A Mystery Lovers Bookstore review called the first novel a "winner" and "a delightful romp." Lavender (magazine) said: "Coffee, romance, murder, and dog all make for Minnesota nice-nice."  In a pre-pub review, Library Journal listed the new book as "Truly Wacky," and Ellen Hart said: "Bingo Barge Murder is a solid first entry in the Shay O'Hanlon mystery series. Chandler writes with a wonderful sense of place, plenty of humor, and a crisp pace. The best part for me were the characters, which were so richly drawn that they felt like instant friends.

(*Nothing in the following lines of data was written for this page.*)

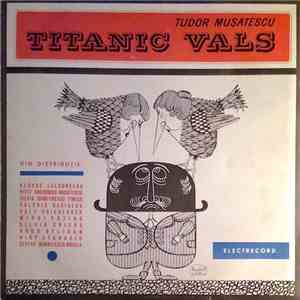 Tudor Mușatescu - Titanic Vals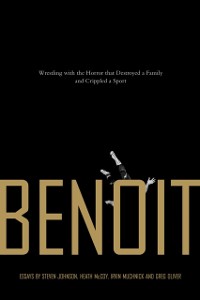 Cover Benoit : Wrestling With the Horror that Destroyed a Family and Crippled a Sport
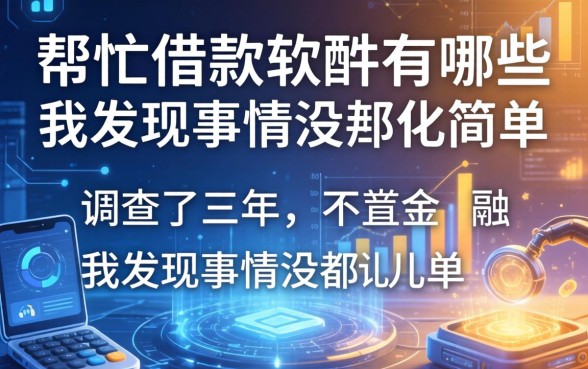 帮忙借款的软件有哪些？调查了三年，我发现事情没那么简单
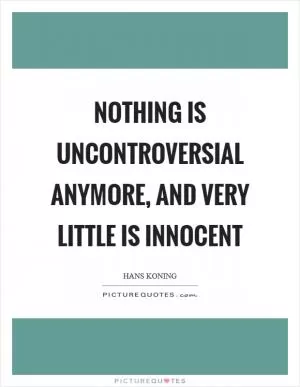 Nothing is uncontroversial anymore, and very little is innocent Picture Quote #1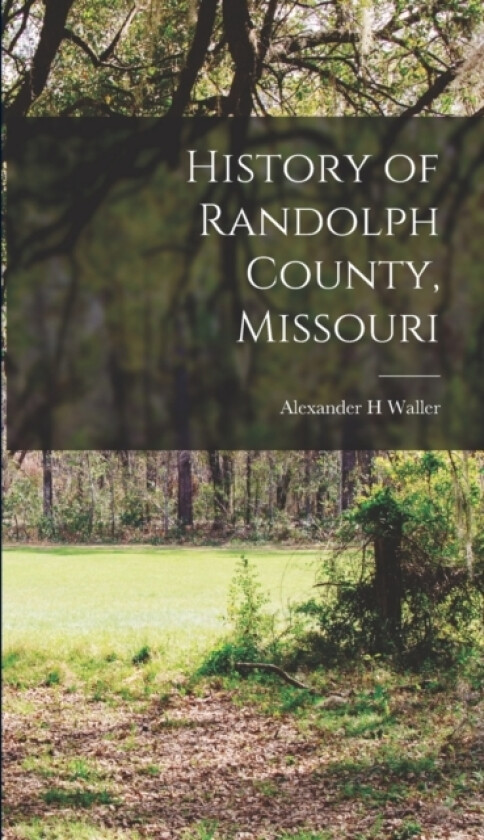 History of Randolph County, Missouri av Alexander H Waller (Hardcover)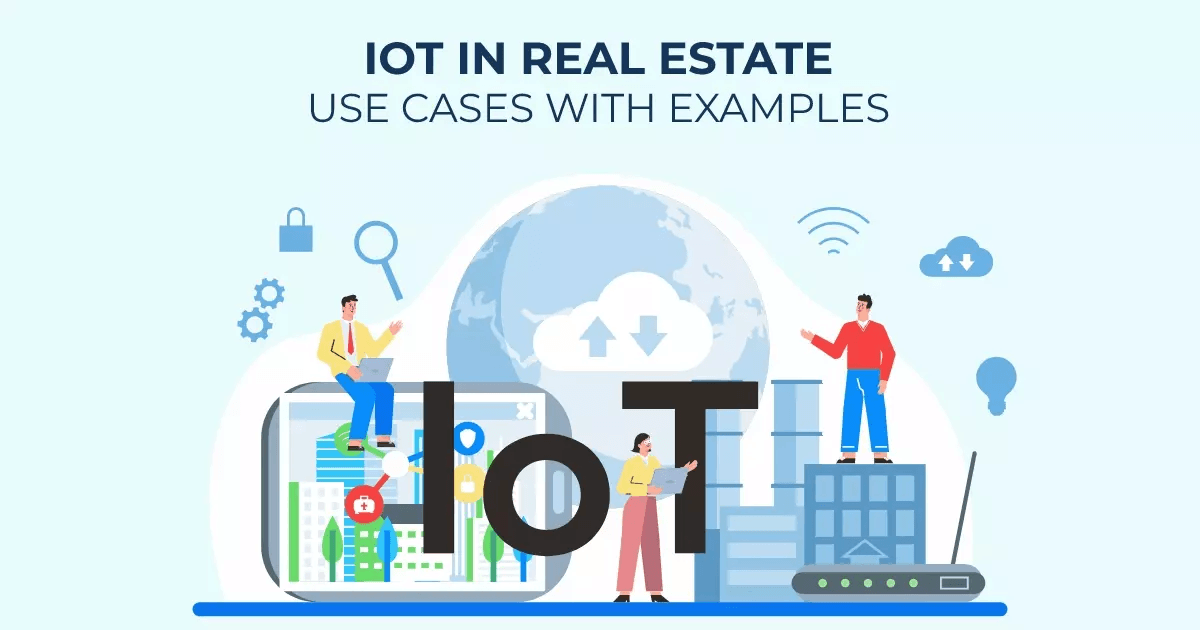 IoT in Real Estate Use Cases With Examples for 2024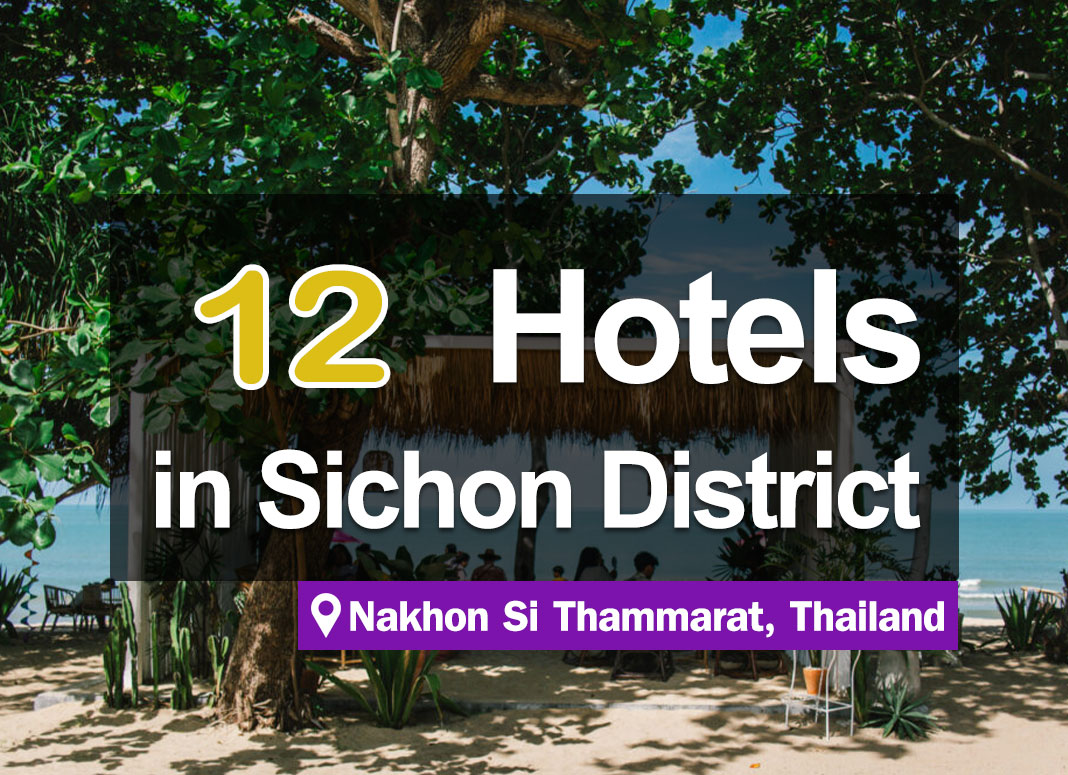 12 Hotel Accommodations in Sichon, Nakhon Si Thammarat, Located Right next toThe Sea with Beautiful Beaches.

This is a great read from the very first page!"

Awards and recognition
 2012 Golden Crown Ann Bannon Popular Choice Award Winner for "Bingo Barge Murder"
 2012 Golden Crown Literary Society Finalist for Best Mystery/Thriller for "Bingo Barge Murder"
 2013 Independent Publisher Book Award Winner (IPPY): GLBT Fiction for "Hide & Snake Murder"
 2013 Golden Crown Literary Society Goldie Winner for Best Mystery/Thriller for "Hide & Snake Murder"
 2013 Golden Crown Ann Bannon Popular Choice Award Finalist for "Hide & Snake Murder"
 2014 American Fiction Book Awards Winner (formerly: USA Best Book Awards) for LGBTQ Fiction for "Chip Off the Ice Block Murder"
 2014 American Fiction Book Awards Finalist (formerly: USA Best Book Awards) for LGBTQ Fiction for "Hide & Snake Murder"
 2014 American Fiction Book Awards Finalist (formerly: USA Best Book Awards) for LGBTQ Fiction for "Pickle in the Middle Murder"
 2014 Golden Crown Ann Bannon Popular Choice Award Finalist for "Pickle in the Middle Murder"
 2015 American Fiction Book Awards Winner (formerly: USA Best Book Awards) for LGBTQ Fiction for "Operation Stop Hate"
 2015 Golden Crown Ann Bannon Popular Choice Award Finalist for "Chip Off the Ice Block Murder"
 2016 Golden Crown Literary Society Goldie Winner for Best Anthology with Lori L. Lake "Lesbians on the Loose: Crime Writers on the Lam"
 2016 Golden Crown Ann Bannon Popular Choice Award Finalist for "Operation Stop Hate"
 2017 Golden Crown Literary Society Finalist for Best Mystery/Thriller for "Blood Money Murder"
 2017 Lambda Literary Award Finalist for Best Lesbian Mystery for "Blood Money Murder"
 2020 American Fiction Book Awards: LGBTQ Fiction Winner for "Quest for Redemption"

Selected works

Novels
 Bingo Barge Murder: A Shay O'Hanlon Caper (2011)
 Hide and Snake Murder: A Shay O'Hanlon Caper (2012)
 Pickle in the Middle Murder: A Shay O'Hanlon Caper (2013)
 Chip Off the Old Ice Block: A Shay O'Hanlon Caper (2014)
 Operation Stop Hate: Book 1 in the Operation Series (2015)
 Blood Money Murder: A Shay O'Hanlon Caper (2016)
 Quest for Redemption (2020)
 Shanghai Murder: A Shay O'Hanlon Caper (forthcoming)

Anthologies edited
 Lesbians on the Loose: Crime Writers on the Lam, edited with Lori L. Lake (2015)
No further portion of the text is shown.